Money managers including Loeb and David Einhorn started reinsurers to gain access to funds that are less subject to client withdrawals. While the businesses allow shareholders to bet indirectly on the stock-and-bond picking skills of star investors, they’ve been tricky to value and are subject to risks from reinsurance operations.
“The run-up after the IPO was probably a little bit overdone” because of excitement over the team they built, Brett Shirreffs, an analyst at Keefe Bruyette & Woods, said in an interview. There was a “big valuation discrepancy” between Third Point Re and Einhorn’s Greenlight Capital Re Ltd., its closest publicly traded competitor, Shirreffs said.
Third Point Re closed yesterday at 1.1 times book value per share, a measure of assets minus liabilities. That compares with about 1.4 times at the end of last year. Greenlight’s ratio fell from about 1.2 at year-end to about 1.1 yesterday.
Those valuations are still higher than the average in the 13-company Bloomberg Industries North America Property & Casualty Reinsurance Valuation Peers Index, which has risen about 16 percent since Third Point Re’s IPO on Aug. 14, 2013. The index has gained 2.9 percent since Dec. 31.

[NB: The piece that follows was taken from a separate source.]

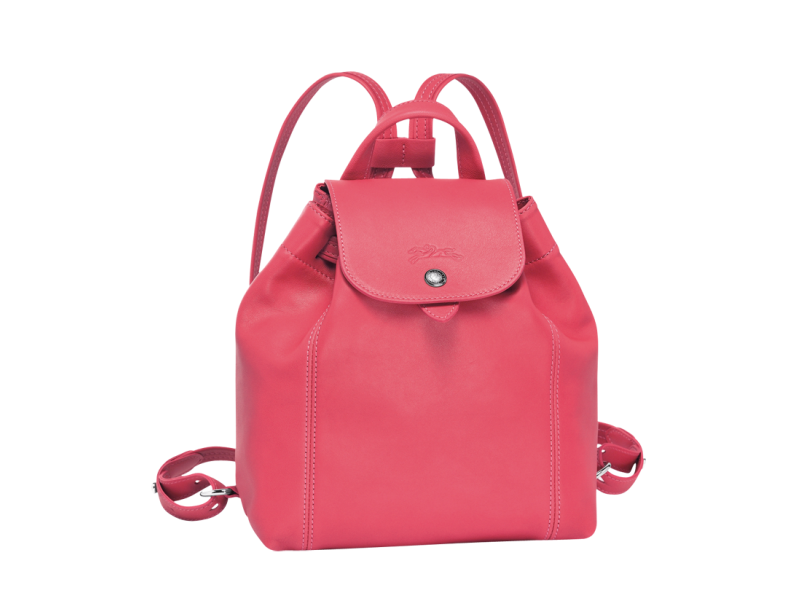 Longchamp Le Pliage Cuir Backpack in Pink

Both traditional reinsurers and the new class of underwriters started by hedge-fund managers have faced pressure this year from pricing.
Pension funds and other institutional investors have piled into the industry, boosting capital for underwriting. Reinsurers, which shoulder risks for primary carriers in return for a share of the premiums, have also seen below-average disaster claims.
That’s caused “price decreases across virtually all geographies and lines of business, many in the double-digit range,” Guy Carpenter, the reinsurance broker of Marsh & McLennan Cos., said in a July report.
For hedge-fund-linked reinsurers, it’s been tougher to get more funds into the hands of investment managers. Reinsurers buy stocks, bonds and other assets with their float, or the premiums they hold until paying out claims.
Third Point Re said last month that policy sales rose 20 percent to $233 million in the first six months of the year, even amid what Chief Executive Officer John Berger described as “challenging market conditions.” The company said during an Aug. 8 conference call that it hadn’t seen deterioration in margins.
“It’s a tough market and it’s probably going to get tougher,” Berger said yesterday at an investor conference. “We think with our approach, the flow of business we’re seeing and the investment expertise, as well, we’re better positioned than anybody in the marketplace.”
Third Point Re didn’t respond to a message left on a general investor relations line.
The reinsurer’s share slide stands in contrast to the investment results that Loeb has generated for the company. Third Point Re’s portfolio returned 5.9 percent this year through August.
The hedge-fund manager focuses on event-driven investing, buying and selling stocks or bonds of companies going through changes like spinoffs or mergers. He also bets on macroeconomic trends. His main hedge fund had an annualized return of almost 18 percent from its start in December 1996 through August of this year. That compares with 7.6 percent for the Standard & Poor’s 500 Index.
Buying shares in the reinsurer is a way to get access to the fund manager’s strategies for a fraction of the price. Loeb’s Third Point LLC has been closed to new investments since 2011 and returned some funds last year. It recently told investors it would reopen for a limited amount of capital.
Only institutional investors and high-net-worth clients can invest directly in the hedge fund. Shares of Third Point Re closed at $15.56 yesterday and can be purchased by retail investors.
The strategy Third Point Re and other hedge-fund-linked reinsurers are using could prove to be attractive longer term, said Steve Chirico, assistant vice president of alternative markets at A.M. Best Co., which rates the creditworthiness of insurers. Being able to generate higher investment returns is an advantage when it’s getting harder to find underwriting profits, he said.
The model aims to “toggle risk and reward on both sides of the balance sheet,” Chirico said. “As we creep further and further into the soft reinsurance market, the ability to have an invested asset return of 6 percent is a good thing.”